12. Your colleagues can’t help but point out your “obvious” resemblance to random Black athletes or entertainers.
13. It’s because I’m white, right?
14. You regularly have to explain why the concepts of White History Month and White Entertainment Television are redundant.
15. Three words: Perennial O.J. Outrage.
16. You are often trotted out as “proof” that your company’s transparently weak diversity initiatives work or proof that your company still doesn’t need one, even though you’re the only minority there.
17. “We swear your race has nothing to do with you making less than everyone else that you’re outperforming.”
18. Female coworkers politely remind you that when they say, “tall, dark, and handsome” they don’t always mean “tall, black, and handsome.”
19. Three more words: Reverse Discrimination Complaints.
20. Your white liberal colleagues often try to score points with you by randomly noting that sometimes they “hate white people, too.”
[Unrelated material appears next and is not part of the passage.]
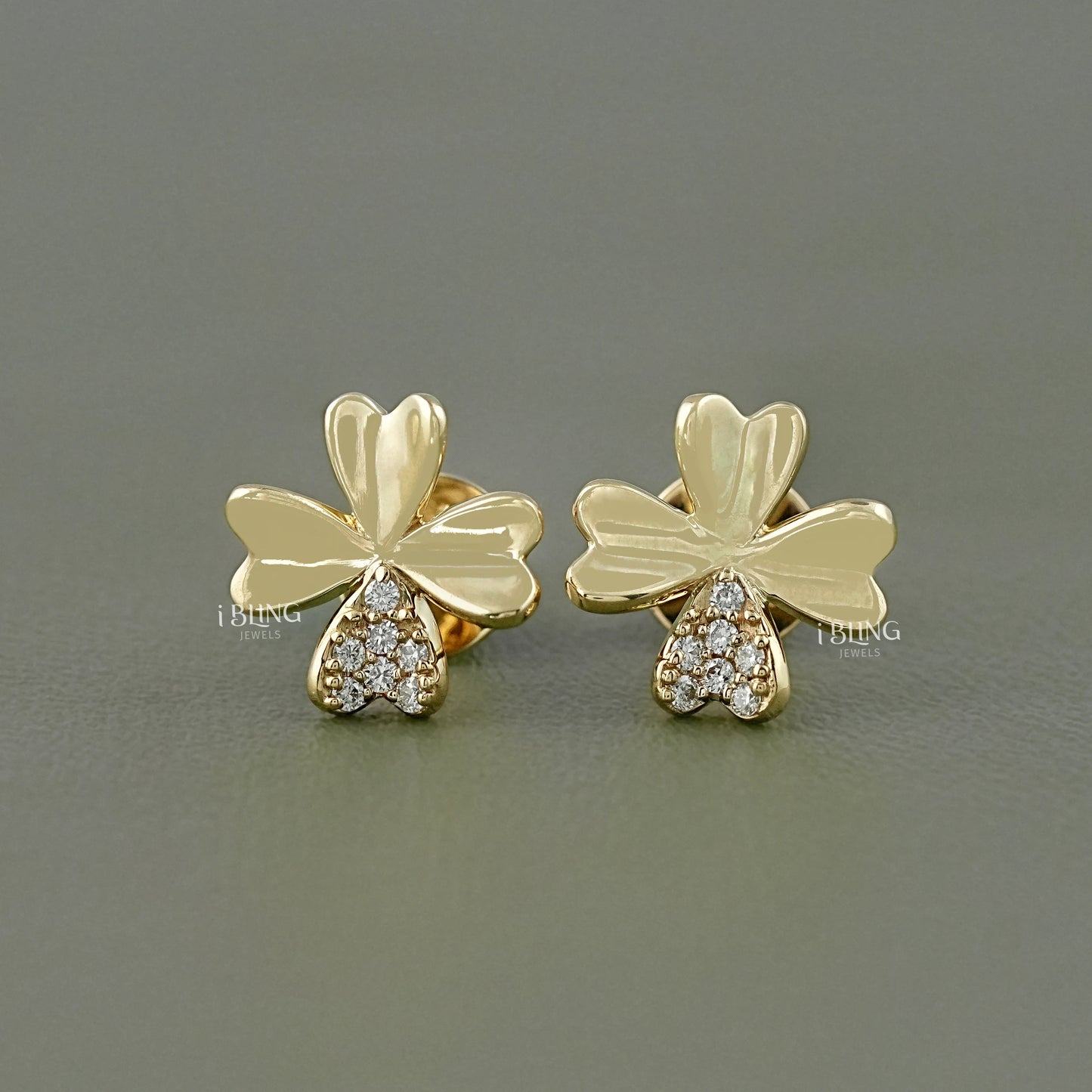 Lab Diamond 4 Leaf Clover Stud Earrings Stud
S’up, nigga—I mean, “nizzle”!?
Times are changing, but “nigger” remains the ultimate alarm clock. When someone drops that one on you, you immediately wake up and remember that you’re Black in America. Sometimes it’s followed by hand wringing and the typical, “Whoops, I didn’t mean it; you know I’m not like ‘that’,” or “I didn’t mean you I meant them (other blacks).” Other times, it’s followed by more defiant “You (blacks) use it, why can’t we?” or “Get over it; it’s just a word!” qualifiers. But the funny part about “nigger” and prejudice in general is how creative people can be in expressing it.
For example: Back when Snoop Dogg was at his peek, just about every white person I worked with made a point of working “nizzle” into their speech knowing full well it was short for nigger. And whether they were citing rap lyrics or some comedy bit, they’d throw around “nigger” as often as possible. And if a Black person challenged them on it, they immediately hid behind the “I’m just repeating what they said” defense.
Pops saw more than his fair share of prejudice. Growing up he told me said that he’d rather be called a nigger to his face than treated like one behind his back. (“If you’re a bigot, just be upfront about,” he added.) My experiences taught me that corporate folks in particular are quite skilled at doing both.